OY. & a double OY!
i am sick. & i have being sick. i get all whiny & turn into a five year old. wanting nothing more than my mommy, some chicken noodle soup, a pb&j sandwich, my teddy bear, & my warm fuzzy blanket.
& so i sit, at work. sans mommy, soup,sandwich, bear, & blankie. it blows. hardcore. but i have 7up. & i have halls. not at all the same. in any world. but it's something. a few minutes ago i wasn't even able to breath. but thanks to halls & their advanced vapor action, i am now able to breath much easier. even though i feel like crap. warmed over. still.
i know that no one LOVES being sick, unless they're a hypochondriac, because then, they think they're sick even if they're really ok. which is a completely different story. all together.
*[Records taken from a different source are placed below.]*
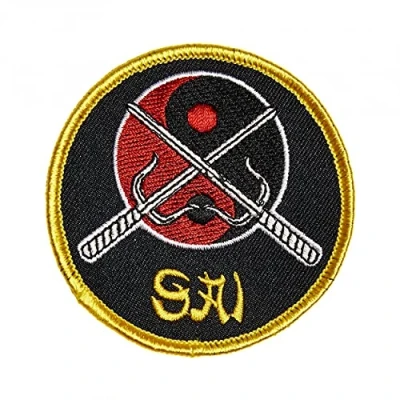 Image of Martial Arts Embroidered Patches Badges Weapons Yin Yang Sai Patch
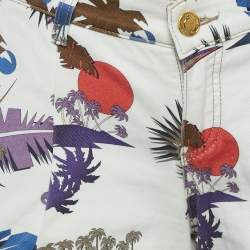 Pre Owned Gucci White Printed Denim Shorts S Waist 29"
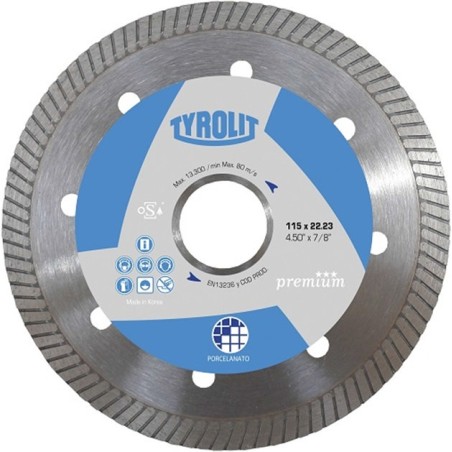 DISCO DIAMANTADO TURBO - PORCELANATO 115MM - PREMIUM TYROLIT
but this really sucks. about half the call center is sick. the other half is just getting over being sick, or just now getting sick. i swear, this whole place is like one big petri dish growing lots of different scary bugs. & i'm neurotic about hand washing & everything else. & some how a germ made its way into my immune system & created a nice little nest in which to settle for a while. damn him!
the worst part of it is, that i'm not really sick enough to stay home. but i'm sick enough that i don't want to be at work & i don't feel like i'm at the top of my game at work either. blech.
i'll check in tomorrow with less whining & more sunshine.